Diluted -- pro-forma ........................ .17 .15
Note 3: Net Earnings Per Share
The Company's basic net earnings per share amounts have been computed
by dividing net earnings by the weighted average number of outstanding
common shares. Diluted net earnings per share amounts have been
computed by dividing net earnings by the weighted average number of
outstanding common shares and common share equivalents relating to
stock options and warrants, when dilutive.
5
For the quarters ended March 31, 2003 and 2002, 361,683 and 136,167
common share equivalents were included in the computation of diluted
net earnings per share.
Options and warrants to purchase 14,950 and 450,776 shares of common
stock with a weighted average exercise price of $8.70 and $6.90 were
outstanding during the quarters ended March 31, 2003 and 2002, but were
not included in the computation of diluted net earnings per share
because the exercise price exceeded the average market price of the
common shares during the period.
Warrants issued in connection with a public offering of common stock in
1998 to purchase 100,000 shares of common stock at $8.45 expired in
February 2003.
Note 4: Legal Proceedings
In March 2003, the Company was notified by the Bureau of Industry,
United States Department of Commerce (BIS) that BIS has reason to
believe the Company violated Export Administration Regulations by
exporting optical sighting devices for firearms and associated parts to
Canada and other destinations without obtaining required authorization
from BIS. BIS asserts the Company committed 61 separate violations for
shipments from October 1999 to March 2002. The potential maximum civil
penalty is up to $11,000 for each violation. The Company is currently
in discussions with BIS to settle the matter prior to the issuance of a
charging letter. While the Company cannot predict the outcome of this
matter at this time, management does not believe the matter will have a
material adverse impact on the Company.
Note 5: Subsequent Events
On May 5, 2003, the Company announced that its board of directors
authorized a plan to repurchase up to ten percent of its outstanding
common stock in the open market or in privately negotiated transactions
over the next twelve months.
6
ITEM 2. MANAGEMENT'S DISCUSSION AND ANALYSIS OF FINANCIAL
CONDITION AND RESULTS OF OPERATIONS
OVERVIEW
We are a leading marketer of value priced outdoor gear and general merchandise,
with a special emphasis on outdoor clothing, equipment and footwear. We market
and sell our merchandise through main, specialty and Buyer's Club catalogs and
two e-commerce Web sites. Our catalogs as well as our Web sites offer high
quality products at low prices. Our catalogs are advertised as The "Fun-to-Read"
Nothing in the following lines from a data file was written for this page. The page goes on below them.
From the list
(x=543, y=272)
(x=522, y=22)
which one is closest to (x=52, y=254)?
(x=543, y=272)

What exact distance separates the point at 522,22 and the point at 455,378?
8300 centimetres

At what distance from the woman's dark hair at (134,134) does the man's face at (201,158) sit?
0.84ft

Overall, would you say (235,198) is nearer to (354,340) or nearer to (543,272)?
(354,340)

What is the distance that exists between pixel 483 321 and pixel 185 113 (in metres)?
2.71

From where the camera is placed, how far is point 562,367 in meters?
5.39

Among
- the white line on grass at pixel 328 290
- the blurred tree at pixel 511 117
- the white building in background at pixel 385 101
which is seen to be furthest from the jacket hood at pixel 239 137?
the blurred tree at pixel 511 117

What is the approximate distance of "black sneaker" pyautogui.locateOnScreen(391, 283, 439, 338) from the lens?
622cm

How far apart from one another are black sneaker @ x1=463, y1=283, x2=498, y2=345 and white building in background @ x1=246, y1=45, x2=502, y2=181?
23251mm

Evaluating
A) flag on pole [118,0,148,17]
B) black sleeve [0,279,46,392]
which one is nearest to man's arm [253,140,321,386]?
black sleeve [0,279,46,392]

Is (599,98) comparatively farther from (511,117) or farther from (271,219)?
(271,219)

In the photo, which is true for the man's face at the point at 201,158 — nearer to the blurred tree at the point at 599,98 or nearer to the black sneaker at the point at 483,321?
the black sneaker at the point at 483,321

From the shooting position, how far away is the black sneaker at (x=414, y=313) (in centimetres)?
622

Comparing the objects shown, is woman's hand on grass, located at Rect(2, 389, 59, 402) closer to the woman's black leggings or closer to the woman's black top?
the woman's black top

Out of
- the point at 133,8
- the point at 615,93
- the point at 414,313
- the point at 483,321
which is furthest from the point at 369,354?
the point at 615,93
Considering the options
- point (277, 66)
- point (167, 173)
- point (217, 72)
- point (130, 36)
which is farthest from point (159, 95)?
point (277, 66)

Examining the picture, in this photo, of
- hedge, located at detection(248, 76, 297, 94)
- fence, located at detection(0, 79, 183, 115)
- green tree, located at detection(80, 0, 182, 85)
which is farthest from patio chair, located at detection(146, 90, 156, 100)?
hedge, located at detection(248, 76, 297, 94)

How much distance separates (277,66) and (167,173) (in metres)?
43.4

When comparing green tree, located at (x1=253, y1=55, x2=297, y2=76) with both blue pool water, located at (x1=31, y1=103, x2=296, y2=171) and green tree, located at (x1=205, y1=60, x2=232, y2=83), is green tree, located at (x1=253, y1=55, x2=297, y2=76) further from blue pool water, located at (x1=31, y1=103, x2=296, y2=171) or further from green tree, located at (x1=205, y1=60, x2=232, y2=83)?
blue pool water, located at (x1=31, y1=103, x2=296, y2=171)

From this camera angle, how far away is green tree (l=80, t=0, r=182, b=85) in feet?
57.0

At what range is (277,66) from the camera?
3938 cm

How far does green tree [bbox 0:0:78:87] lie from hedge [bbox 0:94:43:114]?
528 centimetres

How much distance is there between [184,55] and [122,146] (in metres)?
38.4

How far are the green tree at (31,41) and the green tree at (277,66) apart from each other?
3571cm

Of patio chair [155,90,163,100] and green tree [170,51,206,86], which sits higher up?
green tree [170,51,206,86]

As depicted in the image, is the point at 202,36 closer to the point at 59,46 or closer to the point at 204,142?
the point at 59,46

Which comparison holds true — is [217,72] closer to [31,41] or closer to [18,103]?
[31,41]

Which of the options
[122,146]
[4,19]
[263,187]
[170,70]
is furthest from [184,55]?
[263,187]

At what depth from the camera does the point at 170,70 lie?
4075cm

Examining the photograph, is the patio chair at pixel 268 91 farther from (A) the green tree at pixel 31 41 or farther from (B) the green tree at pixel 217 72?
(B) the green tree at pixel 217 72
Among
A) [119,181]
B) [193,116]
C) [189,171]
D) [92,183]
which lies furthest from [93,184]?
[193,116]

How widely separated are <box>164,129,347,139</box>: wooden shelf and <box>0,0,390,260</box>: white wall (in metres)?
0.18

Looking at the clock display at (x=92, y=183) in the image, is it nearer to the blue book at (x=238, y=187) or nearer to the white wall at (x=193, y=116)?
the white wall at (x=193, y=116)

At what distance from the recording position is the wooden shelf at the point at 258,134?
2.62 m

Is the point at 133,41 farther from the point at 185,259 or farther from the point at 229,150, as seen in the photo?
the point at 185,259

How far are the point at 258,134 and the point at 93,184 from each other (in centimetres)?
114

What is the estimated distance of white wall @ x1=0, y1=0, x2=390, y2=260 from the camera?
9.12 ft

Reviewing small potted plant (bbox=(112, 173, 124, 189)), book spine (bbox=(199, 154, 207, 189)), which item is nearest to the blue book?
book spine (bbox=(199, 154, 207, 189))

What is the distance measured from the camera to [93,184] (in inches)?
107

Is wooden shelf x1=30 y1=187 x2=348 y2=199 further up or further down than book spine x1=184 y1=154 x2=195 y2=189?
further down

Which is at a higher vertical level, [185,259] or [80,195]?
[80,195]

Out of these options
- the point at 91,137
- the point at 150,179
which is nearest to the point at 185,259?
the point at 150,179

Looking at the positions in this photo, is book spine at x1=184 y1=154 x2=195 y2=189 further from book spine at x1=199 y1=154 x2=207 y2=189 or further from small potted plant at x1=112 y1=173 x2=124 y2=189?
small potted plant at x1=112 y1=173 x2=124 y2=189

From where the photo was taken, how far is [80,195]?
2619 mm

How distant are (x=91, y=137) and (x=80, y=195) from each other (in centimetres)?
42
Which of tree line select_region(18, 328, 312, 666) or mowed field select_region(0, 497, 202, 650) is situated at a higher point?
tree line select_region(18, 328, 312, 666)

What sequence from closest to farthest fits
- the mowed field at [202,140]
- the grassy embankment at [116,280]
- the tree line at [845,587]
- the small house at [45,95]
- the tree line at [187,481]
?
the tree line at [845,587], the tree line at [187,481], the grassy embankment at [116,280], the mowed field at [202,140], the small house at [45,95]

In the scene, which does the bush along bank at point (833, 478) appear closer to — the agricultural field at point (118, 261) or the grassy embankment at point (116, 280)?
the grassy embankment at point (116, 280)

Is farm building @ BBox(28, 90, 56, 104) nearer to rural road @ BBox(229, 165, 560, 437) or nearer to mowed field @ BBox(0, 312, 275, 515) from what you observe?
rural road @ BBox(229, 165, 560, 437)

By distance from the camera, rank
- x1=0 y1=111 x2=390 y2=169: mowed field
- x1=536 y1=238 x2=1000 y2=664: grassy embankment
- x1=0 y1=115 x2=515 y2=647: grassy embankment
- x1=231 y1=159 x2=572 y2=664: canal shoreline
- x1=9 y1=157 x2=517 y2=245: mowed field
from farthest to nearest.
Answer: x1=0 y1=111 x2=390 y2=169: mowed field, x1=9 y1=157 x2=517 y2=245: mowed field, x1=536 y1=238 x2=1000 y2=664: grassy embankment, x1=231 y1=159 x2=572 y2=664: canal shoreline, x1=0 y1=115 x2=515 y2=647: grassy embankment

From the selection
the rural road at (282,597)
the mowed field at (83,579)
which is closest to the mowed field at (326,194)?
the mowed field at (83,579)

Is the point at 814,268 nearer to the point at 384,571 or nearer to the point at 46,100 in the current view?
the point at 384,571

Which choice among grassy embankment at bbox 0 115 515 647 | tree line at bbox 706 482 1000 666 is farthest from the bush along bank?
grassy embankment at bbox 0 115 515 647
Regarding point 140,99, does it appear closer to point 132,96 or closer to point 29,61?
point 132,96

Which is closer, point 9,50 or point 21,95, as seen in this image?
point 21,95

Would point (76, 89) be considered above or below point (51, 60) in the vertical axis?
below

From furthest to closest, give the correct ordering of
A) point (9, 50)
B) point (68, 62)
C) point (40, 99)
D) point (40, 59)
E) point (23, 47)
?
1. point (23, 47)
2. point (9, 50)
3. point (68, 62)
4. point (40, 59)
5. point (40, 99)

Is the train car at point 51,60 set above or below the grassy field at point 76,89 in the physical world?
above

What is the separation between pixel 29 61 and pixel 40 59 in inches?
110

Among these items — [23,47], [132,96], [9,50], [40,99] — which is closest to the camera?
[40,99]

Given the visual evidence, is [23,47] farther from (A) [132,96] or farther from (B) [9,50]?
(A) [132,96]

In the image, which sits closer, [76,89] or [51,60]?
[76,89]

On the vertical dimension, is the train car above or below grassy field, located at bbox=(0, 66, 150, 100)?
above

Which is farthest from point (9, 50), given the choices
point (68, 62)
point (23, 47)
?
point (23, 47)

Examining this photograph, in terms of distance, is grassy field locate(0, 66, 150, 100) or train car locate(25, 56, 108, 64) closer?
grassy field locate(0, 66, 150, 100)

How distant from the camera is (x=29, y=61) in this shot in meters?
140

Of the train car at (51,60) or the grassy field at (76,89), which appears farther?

Catalog(R) and our primary Web site is advertised as the "Fun-to-Browse"
Website(R). Our Web sites include www.sportsmansguide.com, our online retail
store modeled on our print catalogs and www.bargainoutfitters.com, our online
liquidation outlet.
Our business was started in 1970 by Gary Olen, our Chairman. Over time, our
product offerings and marketing efforts have broadened from the deer hunter to
include those interested in pursuing and living the outdoor lifestyle in general
and the value-oriented outdoorsman in particular. In 1992, we began our value
pricing strategy of offering outdoor equipment and supplies at discount prices,
later adding government surplus, manufacturers' close-outs and other merchandise
lines. In 1994, we began to publish specialty catalogs which allowed us to
utilize a customized marketing plan to individual customer groups.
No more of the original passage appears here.